When you restate the records, do so word for word and omit any picture they contain.
________________________________________
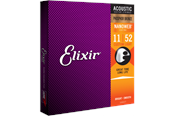 Musikinstrument & DJ-utrustning  - Elixir Strings 16027 - Fosforbrons - Akustiska strängar - Nanoweb - Custom Light (11-52) - CEL 16027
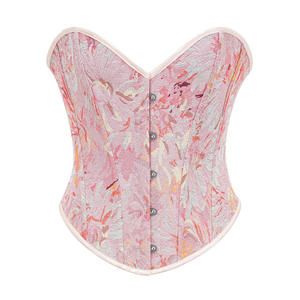 Sexy Women Bustier Overbust Floral Monet Oil Painting Corsets Tops Vintage Plus Size Korset Shapers Slimming Girl - Product Image 1
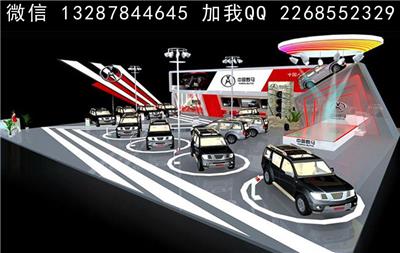 车展展厅展台设计案例效果图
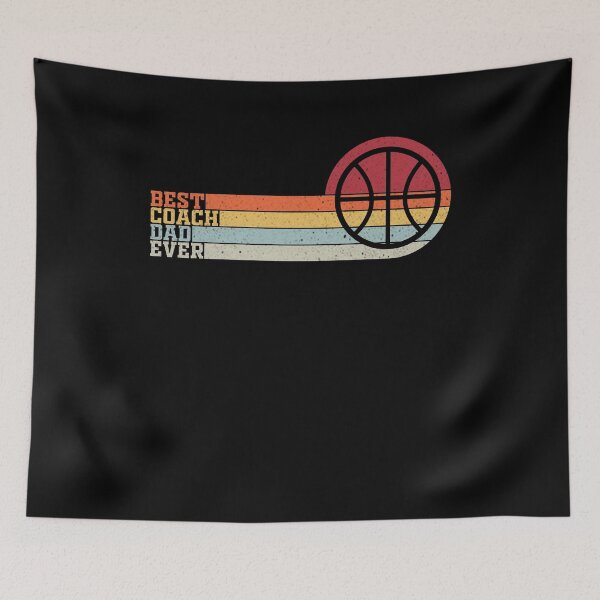Item preview, Best Basketball Coach Dad Ever designed and sold by Ryan89-Design.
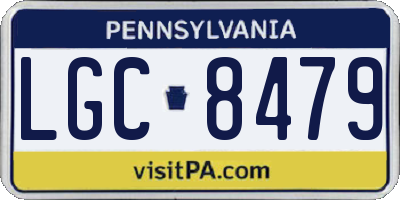 PA license plate LGC8479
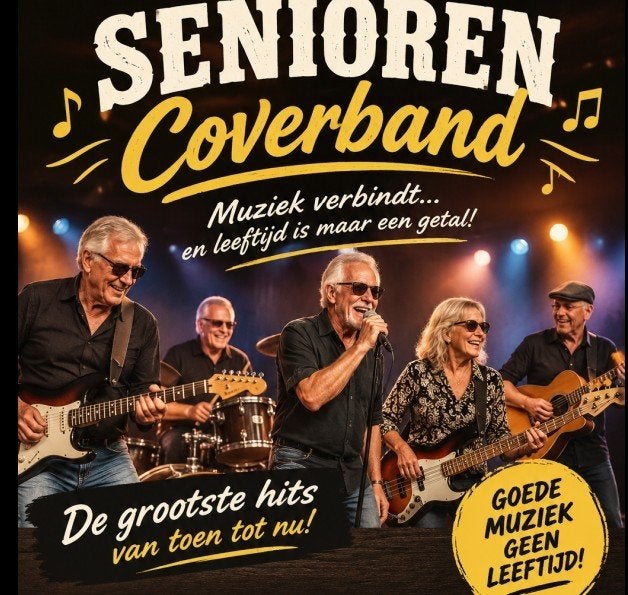 Senioren band i.o. zoekt drummer en bassist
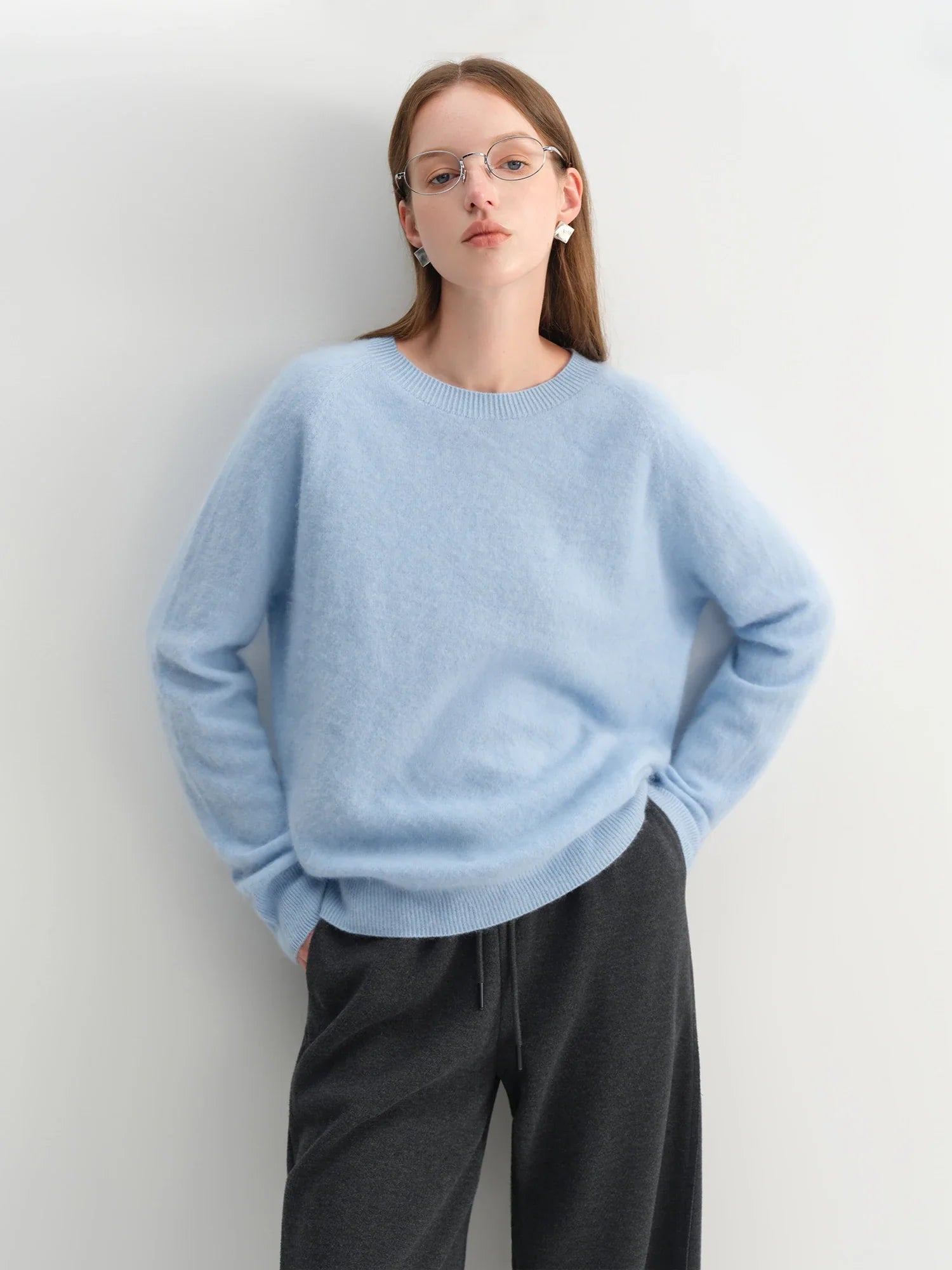 Wool Blend Cashmere Pullover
________________________________________
• **Exercise output**:
 Musikinstrument & DJ-utrustning  - Elixir Strings 16027 - Fosforbrons - Akustiska strängar - Nanoweb - Custom Light (11-52) - CEL 16027
 Sexy Women Bustier Overbust Floral Monet Oil Painting Corsets Tops Vintage Plus Size Korset Shapers Slimming Girl - Product Image 1
 车展展厅展台设计案例效果图
Item preview, Best Basketball Coach Dad Ever designed and sold by Ryan89-Design.
 PA license plate LGC8479
 Senioren band i.o. zoekt drummer en bassist
 Wool Blend Cashmere Pullover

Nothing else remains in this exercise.